Iwo Jima Day services surprised by appearance of 99-year-old battle survivor
With very few living members of the greatest generation left to call upon, veterans in Boston were prepared to turn to surviving family to commemorate the Battle of Iwo Jima one last time, only to be caught off guard by the surprise appearance of a 99-year-old veteran of that bloody World War II battle.
Members of the Massachusetts Marine Corps League gathered Wednesday at the State House for a 25th time to mark the passage of another year since the infamous fight against the forces of the Imperial Japanese Army that claimed the lives of more than 6,000 U.S. servicemen and injured tens of thousands more.
This year, the 80th anniversary of the battle, is the last year the event is scheduled to take place at the State House. Of the more than 100,000 U.S. service members that participated in the battle and survived, fewer than a dozen are left.
The final commemoration was proceeding despite the apparent absence of any surviving veterans of the battle, when to the surprise of everyone at the event Joe Cappuccio, a former member of the 3rd Battalion of the 28th Marines that fought on Iwo Jima, came to the attention of event organizers during the middle of the ceremony (the emcee credited his unexpected appearance to the camouflage training U.S. Marines receive).
Cappuccio, 99, made his way to the podium and remarked that he would turn 100-years-old soon. The retired iron worker shared that he had lived a full life after leaving Iwo Jima alive, and he had some advice to offer his fellow veterans.
“Do what you have to do, but you gotta keep moving, that’s what I do. I’ve traveled the world over, and I loved it. After I got out of the service, my wife and I did 42 countries — on our own, not with the government. I wish you guys could all do what I did in my life, and — believe me — enjoy it,” he said.
Marine Corps League members John MacGillivray and Warren Griffin led the ceremony, which also saw 100-year-old Leo Carroll, a World War II veteran, receive a citation for his service.
Assistant Commandant of the U.S. Marine Corps Gen. Christopher Mahoney explained to the audience why it was so important to the country and to Marines to remember Iwo Jima and what men just like Joe Cappuccio did there.
The 36-day long battle for control of a heavily fortified pacific island, fought from the 19th of February through the 26th of March, 1945, has become such a significant part of Marine Corps lore and history that the island itself is among the few places which can cause a U.S. Marine to “get religion.”
“I don’t mean the divine type.
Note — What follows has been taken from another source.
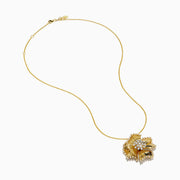 The D'Oro 14K Yellow Gold Diamond Flower Pendant features textured petals and clusters of sparkling diamonds at the center and edges, suspended from a delicate gold chain.
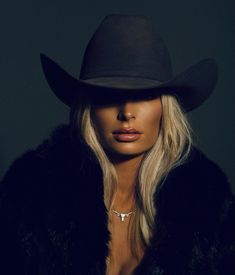 a woman with blonde hair wearing a black hat and fur coat, posing for the camera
I mean the super-normal type,” Mahoney said.
There is a certain feeling of solemnity that occurs for a Marine, Mahoney explained, “when you stand on the south beach of Wake Island and look south at the expanse of the Pacific,” and imagine what the defenders there must have felt as Japanese warships and planes surrounded the atoll and began their attack on the United States in the opening salvos of World War II.
The same feeling occurs, he said, “if you stand in the wheat fields, facing east 800 yards from a place called Belleau Wood in Château-Thierry, France, in the spring.” Then a Marine can feel what their forbearers felt as they “marched into that butchery” in June of 1918, during the height of World War I.
And then there is experience that comes with standing in the “black sand” of Red and Green Beach on Iwo Jima. There too, he said, a U.S. Marine will “feel it.”
“You will hear the waves crashing on the shore and feel the heat — the tropical heat. If the winds are right you’ll smell the sulphur. If you look from Green Beach onto the south, you’ll see the impossibility of Mount Suribachi and you will get it. You will feel it. You’ll feel the heroism beyond description,” he said. “Yes, Marines will get religion on Iwo Jima.”
MBTA Board member Thomas McGee, a former state senator and the son of the late Massachusetts House Speaker and Iwo Jima Veteran of the same name, also addressed the audience. Speaker McGee was responsible for helping to pass Iwo Jima Day into state law, and spoke at the first event held 25 years ago.
The former Speaker, his son said, “didn’t talk about this much, but I know how proud he was to be a Marine.”
The U.S. Marine Corps Memorial is seen at sunset with the U.S. Capitol and Washington Monument behind, in Arlington, Va. (AP Photo/Alex Brandon, File)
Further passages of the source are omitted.